Religious Services Ministry Warns Privatized Kashrut Model Created Shell Companies and Weak Oversight
The Ministry of Religious Services has released a detailed regulatory report on the consequences of Israel’s kashrut reform and says the previous competition-and-privatization model created serious structural failures. The report, published in the context of amendments to the Law Against Kashrut Fraud, argues that kashrut is a “trust product” marked by extreme information asymmetry, where consumers cannot tell through their senses whether food meets halakhic standards.
According to the ministry’s analysis, bringing in private for-profit certifiers created a market failure and a “race to the bottom” in halakhic standards. Private bodies competing for paying businesses had an economic incentive to loosen supervision and cut costs to win clients. The ministry says the new amendment is meant to end that privatization track and protect the system’s credibility.
One of the report’s harshest findings concerns the abolition of regional boundaries under the earlier reform, which allowed local rabbis to issue kashrut certificates outside their home areas. In practice, the ministry says, some rabbis operating beyond their districts set up private “shell companies” that collected money from businesses without proper oversight, contrary to orderly administration and ministry policy. It also says local rabbis struggled to provide professional, uniform service outside their territories without the logistical and managerial support of the local religious council.

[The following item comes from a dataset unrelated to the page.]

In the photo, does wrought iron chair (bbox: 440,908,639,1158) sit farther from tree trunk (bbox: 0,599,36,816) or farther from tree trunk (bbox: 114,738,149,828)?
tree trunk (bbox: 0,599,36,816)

The new 2026 law includes major changes: restoring regional jurisdiction, severing the direct financial link between inspectors and businesses, and setting national, uniform kashrut standards. Under the proposal, only local public authorities will issue certificates, each city rabbi will supervise only within his municipality, and the rabbinical chief council must publish written, transparent standards. Businesses will no longer pay supervisors directly, and salaries will instead be funded through local kashrut authorities using fixed, proportional fees. The ministry says this will block improper competition among rabbis and end the shell-company phenomenon. Kashrut watchdog group Kosharot welcomed the report, saying it confirms that commercial interests and private companies harm independence, professionalism and public trust.